Basing his script on the acclaimed novel by Bethan Roberts, writer Ron Nyswaner focuses most of the story on the young lives of Marion, Patrick, and Tom, played by Emma Corrin (Princess Diana in The Crown), David Dawson, and Harry Styles, respectively. Marion always had an attraction to Tom, the older brother of her childhood friend, even if he never made an advance. He brings her around to his friend Patrick, a museum curator, and together they cook, go to the theater, and read. Tom eventually proposes to Marion, though their marriage is soon interrupted by the revelation that Patrick was more than just a friend. A story of gay love and betrayal, My Policeman tries to explore the casualties of a homophobic society.

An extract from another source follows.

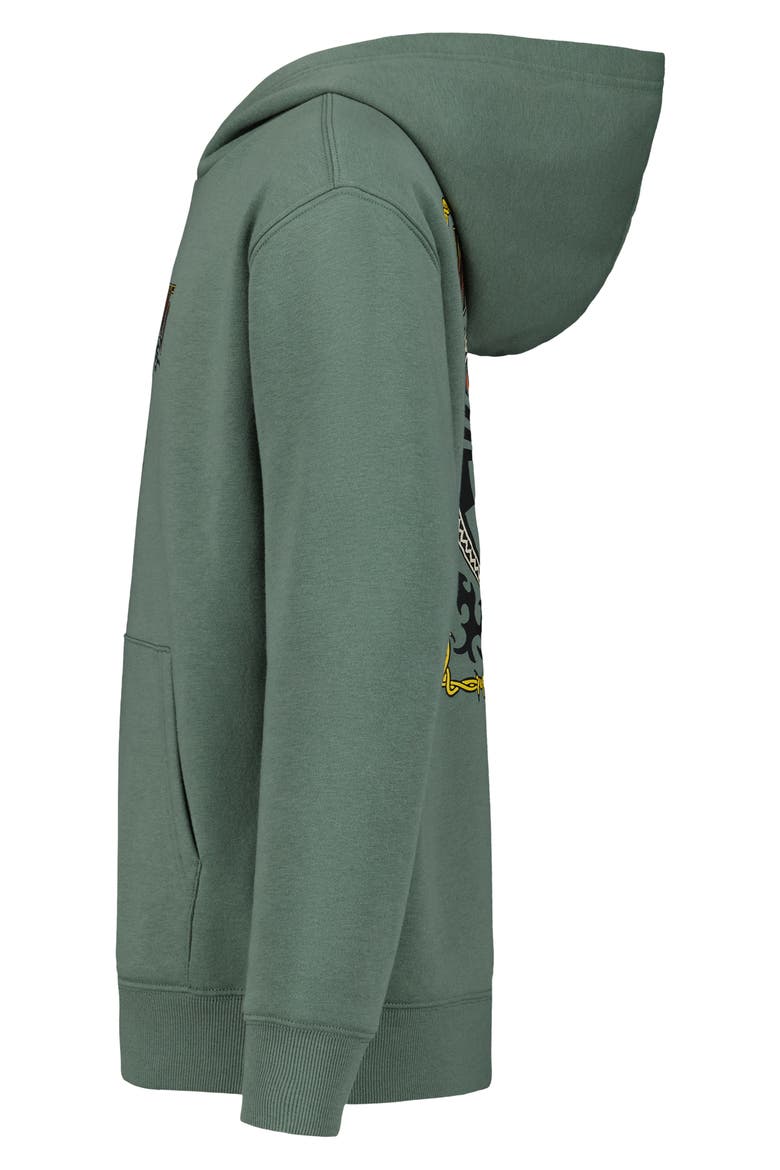 Kids' Inferno Tiger Graphic Hoodie, Alternate, color, LAUREL WREATH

Director Michael Grandage films everything tastefully. Each shot is beautiful to look at but often lacks the substance to actually say something of meaning. His pacing feels painfully slow, dragging out a cliche and predictable story of gay shame and turmoil.
Out of the three lead young performers, David Dawson is the strongest. Breathing life into the original trio, you can’t stop watching his subtle movements. He can’t save Corrin or Styles though. Corrin can’t find the humanity in Marion, who’s desperate need for love ruins the lives around her. Styles’ line readings feel wooden and rehearsed which is the last thing you want when your leading man is being sought after by two people. This, combined with his panned performance in Don’t Worry Darling, is not a strong start to the leading man era of his acting career.
My Policeman tries to be one of those quiet and heavy British dramas that gained Oscar buzz in the 00s, like Atonement or The Reader. However it fails to be interesting enough to hold one’s attention forty minutes into its nearly two hour run time.
The more interesting dynamic is the triangle formed by the older versions of Patrick, Tom, and Marion. If the focus was on the outcome of their choices, not on how they made them, the emotional and psychological fallout would be more compelling.
It’s a shame that My Policeman isn’t done the way it should be. Throughout history, LGBTQIA individuals have hid a part of themselves and entered heterosexual relationships for their own protection. By living inauthentically, they robbed themselves and possibly their straight counterparts of happiness. That is where the story should be found: in the tragedy of society’s failure in a time gone by, not in the melodrama of a plot played out.
My Policeman is in theaters today and will be released on Amazon Prime November 4.